■ **Dataset items**
((

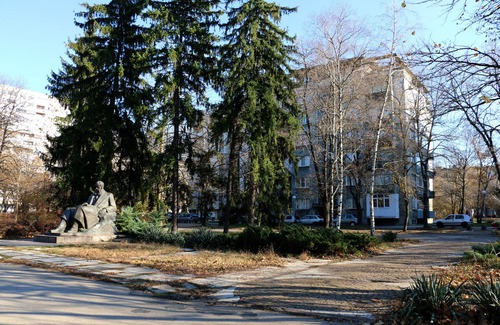 g.k. Vazhrazhdane Apartment | Bright and Cozy Apartment Near Russ University in City Center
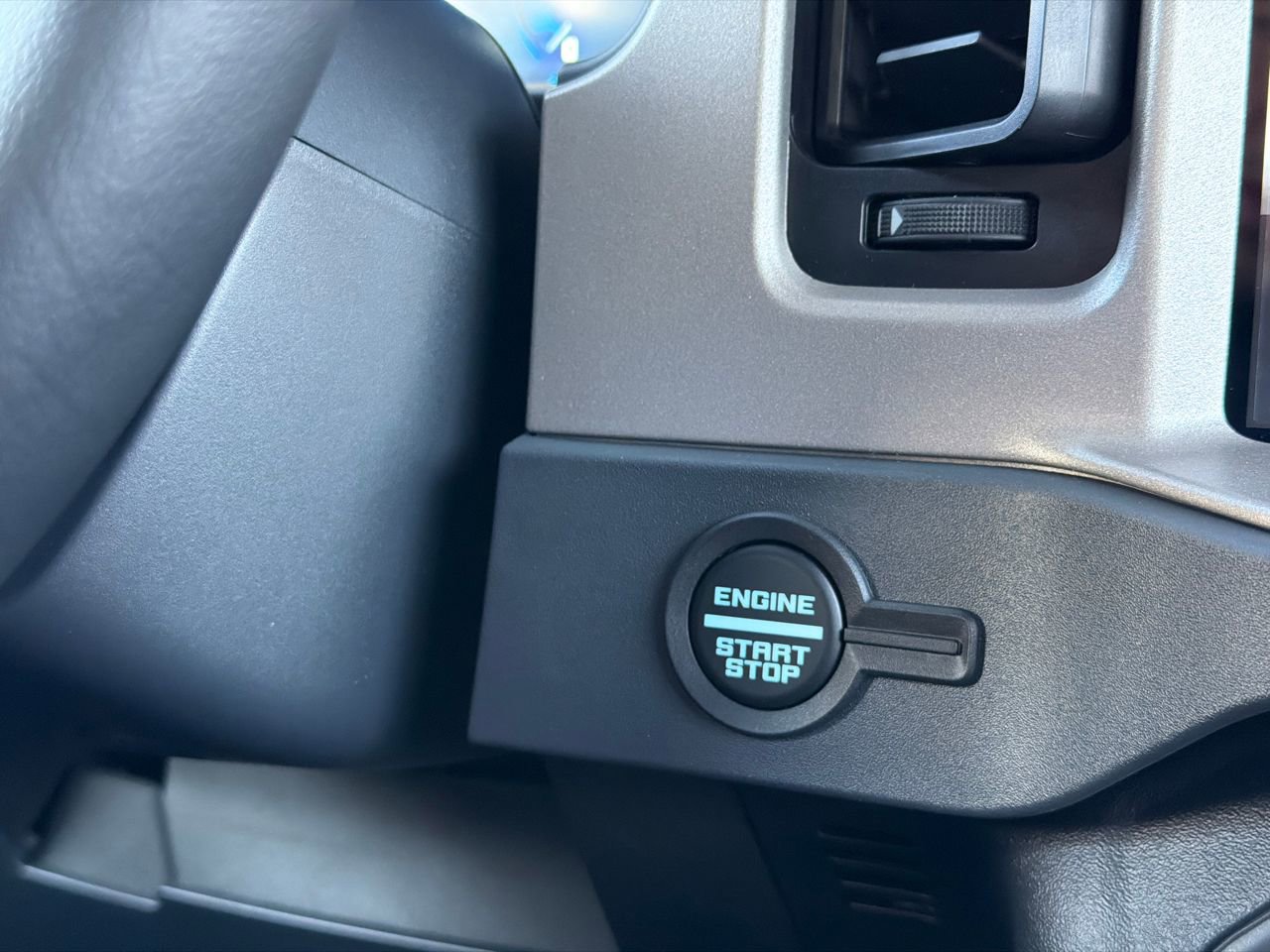 New 2025 Ford Bronco Outer Banks image 27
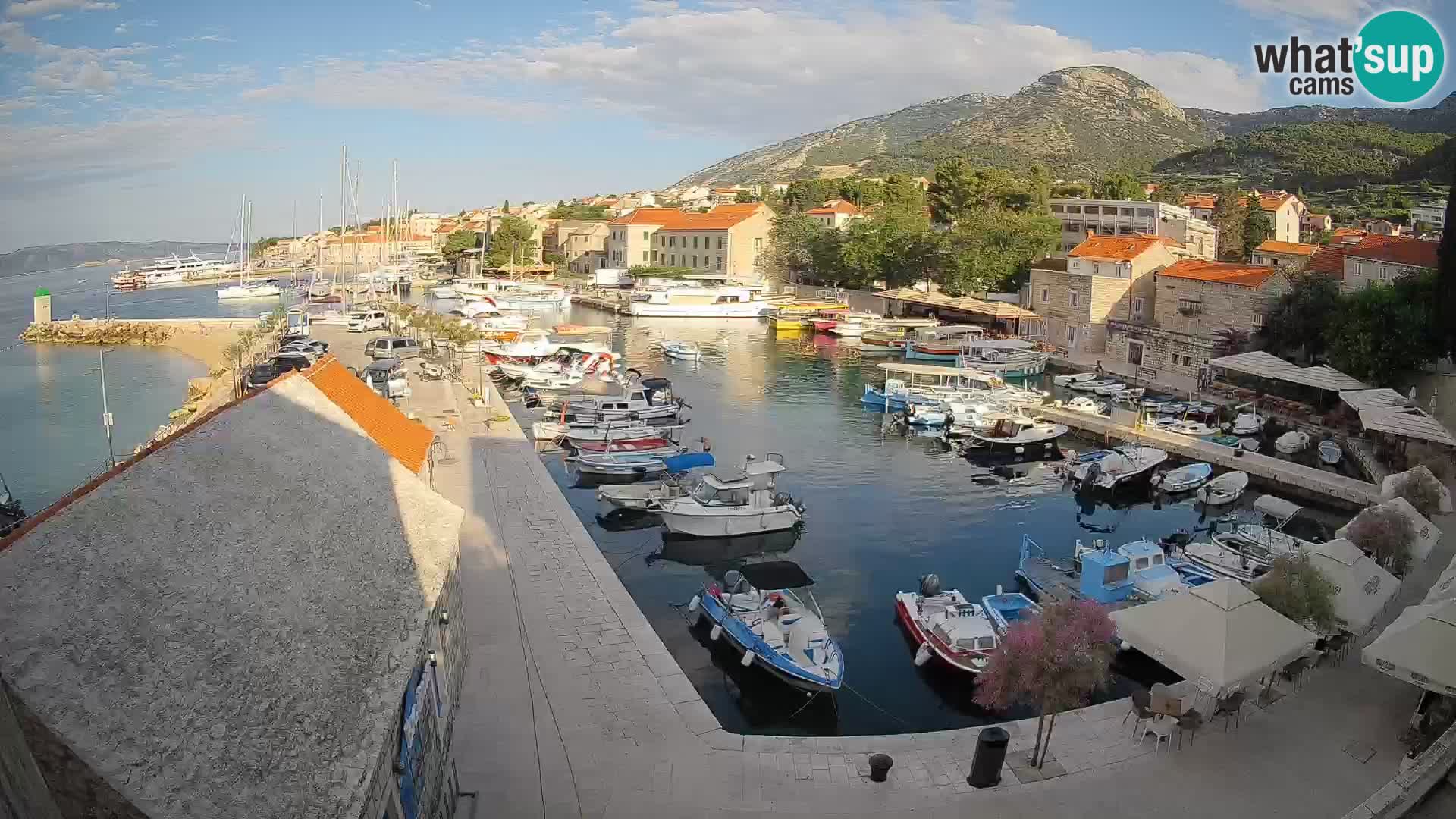 Web kamera Bol Riva – Pogled uživo na luku i marinu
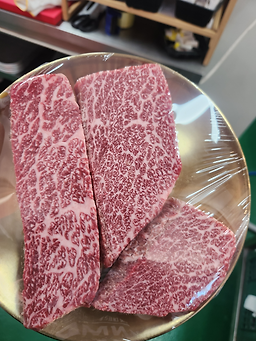 Dunamsikyuksikdang (두남식육식당) 1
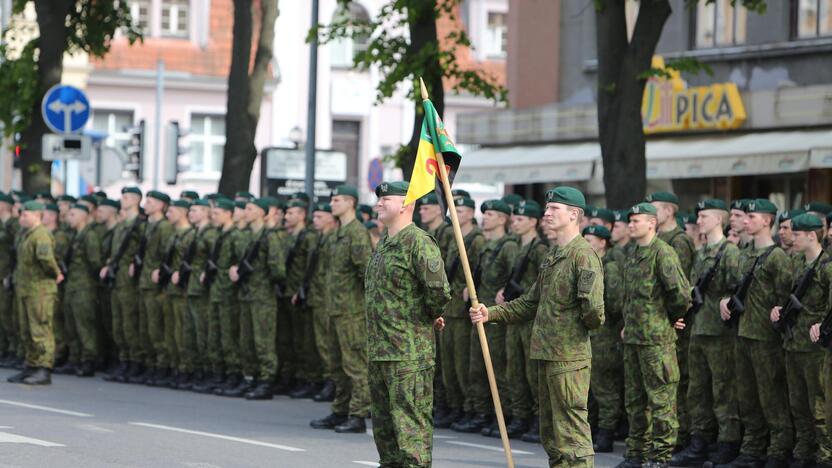 Klaipėdoje į atsargą išlydėti pirmieji šauktiniai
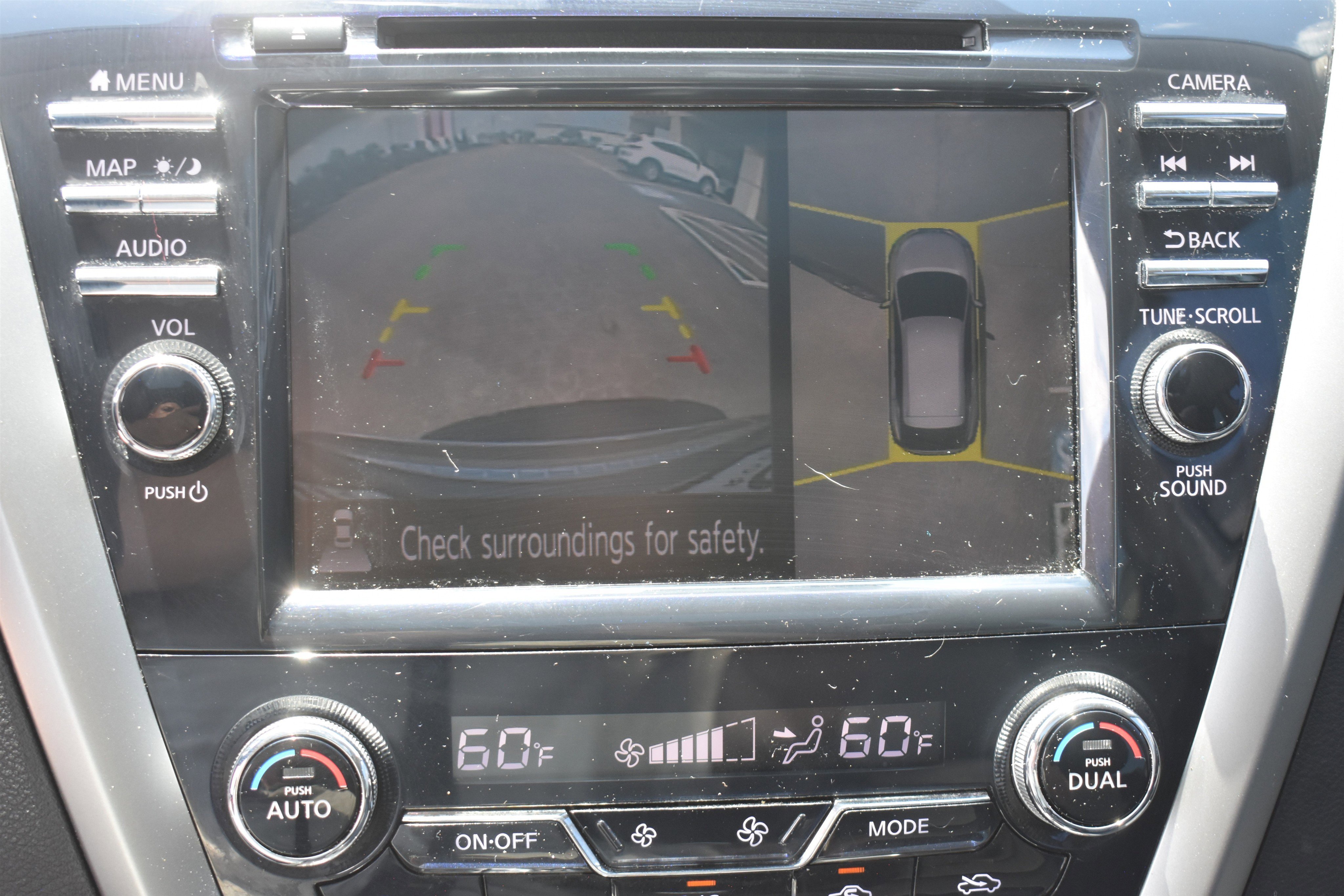 Used 2022 Gun Metallic Nissan Platinum image 27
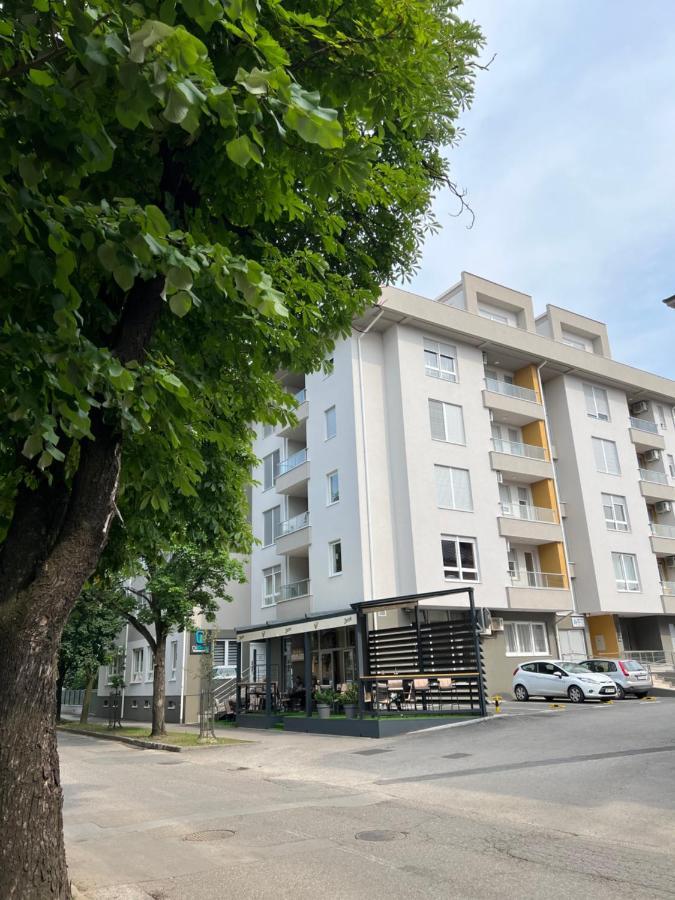 Apartamento Lilly Lux Bijeljina Exterior foto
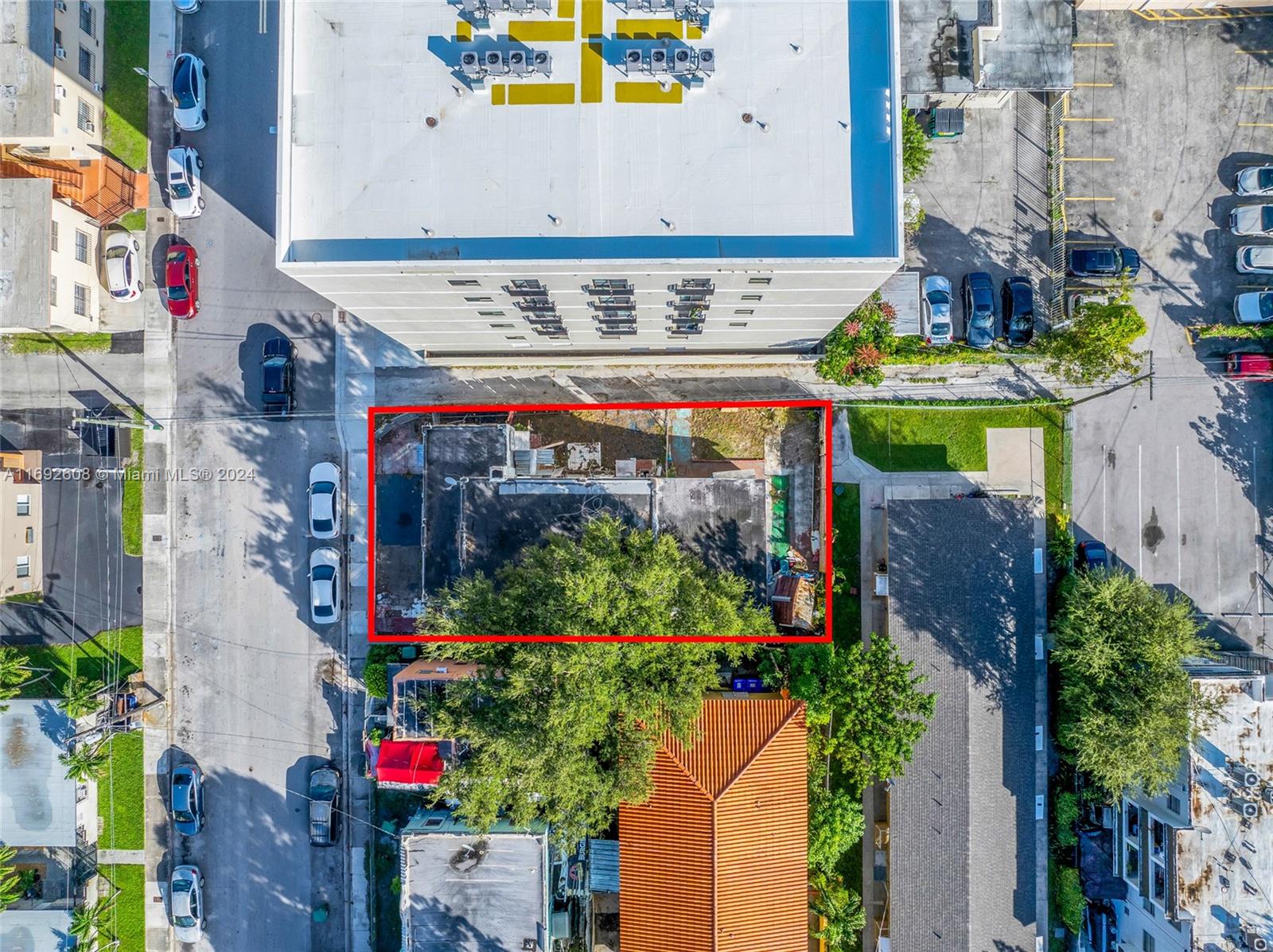 Main image without alt text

))

■ **TASK GOAL**
The copy must start at the line containing "Klaipėdoje į atsargą" and end at the last line of the data, matching each line exactly. It must hold no pictures.

■ **WORKED SOLUTION**
 Klaipėdoje į atsargą išlydėti pirmieji šauktiniai
 Used 2022 Gun Metallic Nissan Platinum image 27
 Apartamento Lilly Lux Bijeljina Exterior foto
 Main image without alt text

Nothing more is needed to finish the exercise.